This account of the
outboard flensing of a whale is taken from:
Villiers, A. J. "Whaling in
the Frozen South" 1925 - An account written by a
journalist of the very first factory ship expedition to
Antarctica by the Sir James Clark Ross in the 1923/24
season.
"But it is a dreadful
job - a bitterly cold, greasy, trying job, calling for
an iron constitution and superhuman qualities of endurance
and patience. Only tried and long experienced whalers can be
flensers. The bodies of the whales heave and bob and jump in
the swell so that it is very difficult for the inexperienced
to even stand on them, without trying to wield skilfully
and with great speed the long keen flensing knives. Big
floes of old pack ice and broken pieces of Barrier ice drift
around and bump into boats and whales. The icy water, so
close, laps the bodies and coats them with ice. The freezing
wind bites through the flensers' heavy clothes and
chills them to the bone.
Their hands are bare. They can not
even wear fingerless mitts, for they must have sure and
steady hold of the greasy knives - one false sweep, one wild
cut, might spell destruction for themselves or their mates.

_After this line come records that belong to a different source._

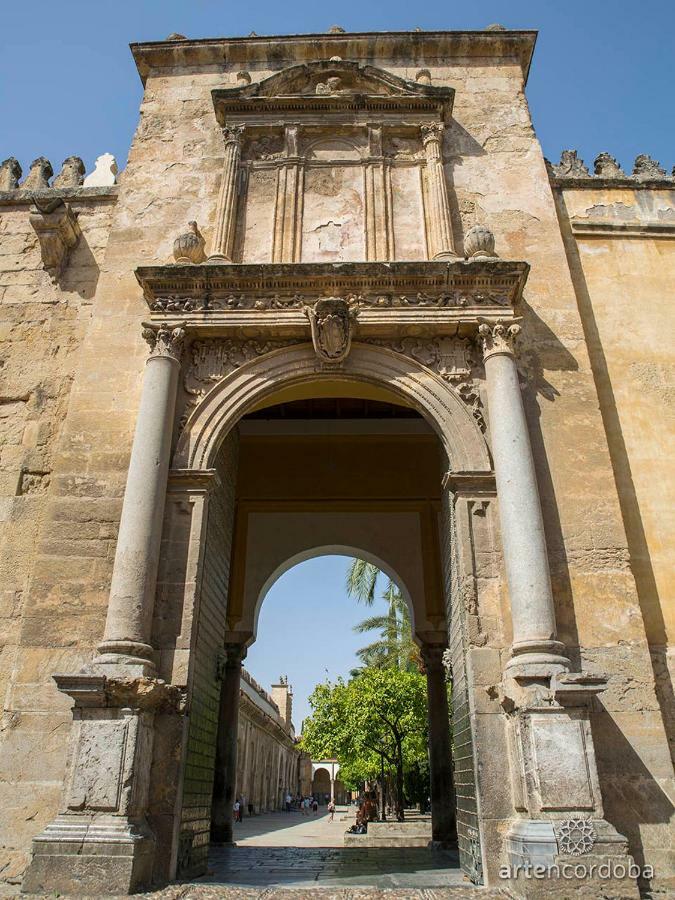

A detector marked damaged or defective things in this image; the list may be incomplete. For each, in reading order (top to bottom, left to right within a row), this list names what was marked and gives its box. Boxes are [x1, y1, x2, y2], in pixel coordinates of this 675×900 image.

broken pediment [211, 59, 454, 122] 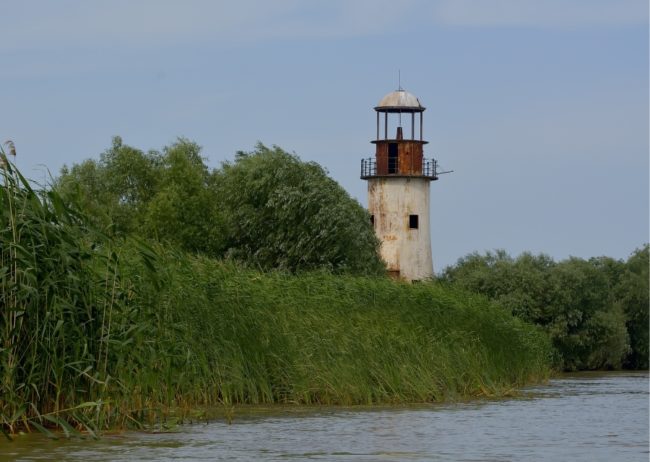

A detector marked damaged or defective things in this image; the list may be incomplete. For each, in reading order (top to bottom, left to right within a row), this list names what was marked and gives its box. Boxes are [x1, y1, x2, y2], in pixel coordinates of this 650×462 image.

rusty lighthouse tower [360, 87, 440, 282] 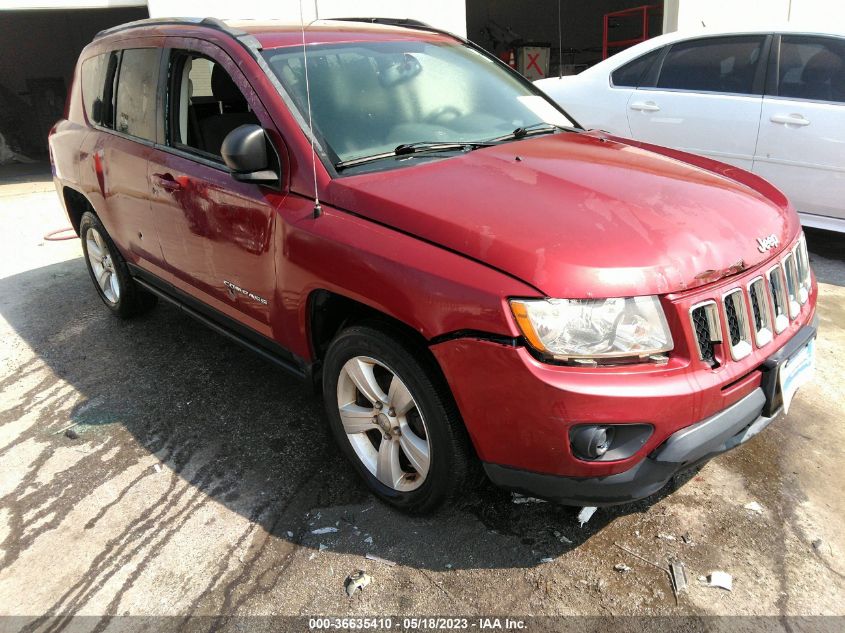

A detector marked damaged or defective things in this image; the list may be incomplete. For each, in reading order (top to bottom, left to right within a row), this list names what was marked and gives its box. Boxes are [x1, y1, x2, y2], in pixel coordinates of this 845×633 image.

cracked concrete ground [0, 165, 840, 628]
damaged red suv [49, 18, 816, 512] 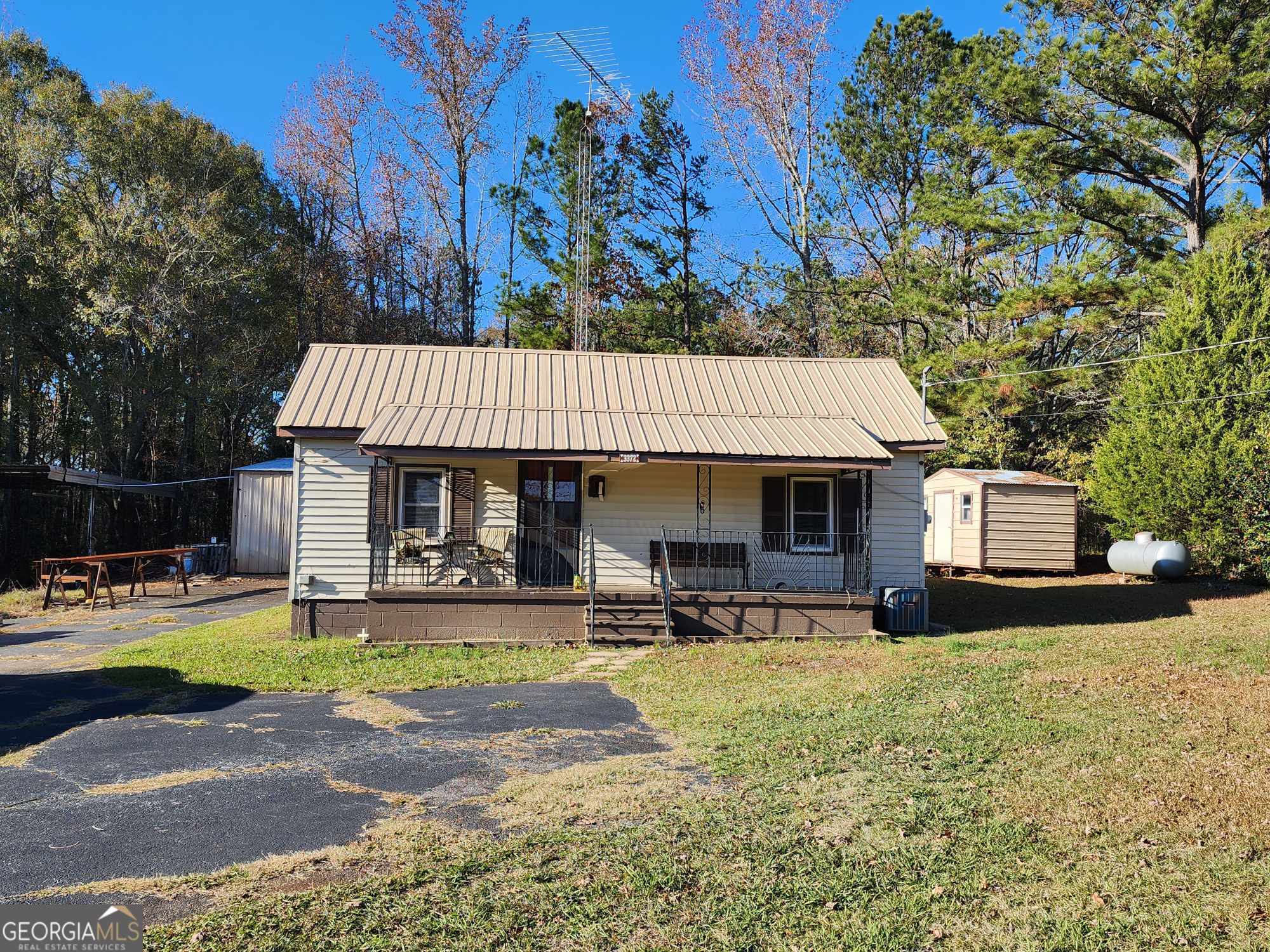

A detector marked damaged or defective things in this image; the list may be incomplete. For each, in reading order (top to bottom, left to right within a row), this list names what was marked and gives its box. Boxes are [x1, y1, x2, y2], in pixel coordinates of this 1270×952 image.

Frequently they must cease work for a moment, plunge the
knife into the hot flesh, bathe their hands in the warm
blood to bring life back to them, and hit their hands
smartly on their shoulders. Often they swing their arms
across their bodies, Norwegian fashion, to keep their
circulation going.
Sawdust they find of great use in
enabling them to hold onto the blubbery wooden handles.
Despite all attempts to keep their circulation active frost
bites are of frequent occurrence. Fingers are frozen white
many times a day. When the flensers are down at their work
their clothes and faces are encased in ice so that they must
thaw themselves out when the come on deck."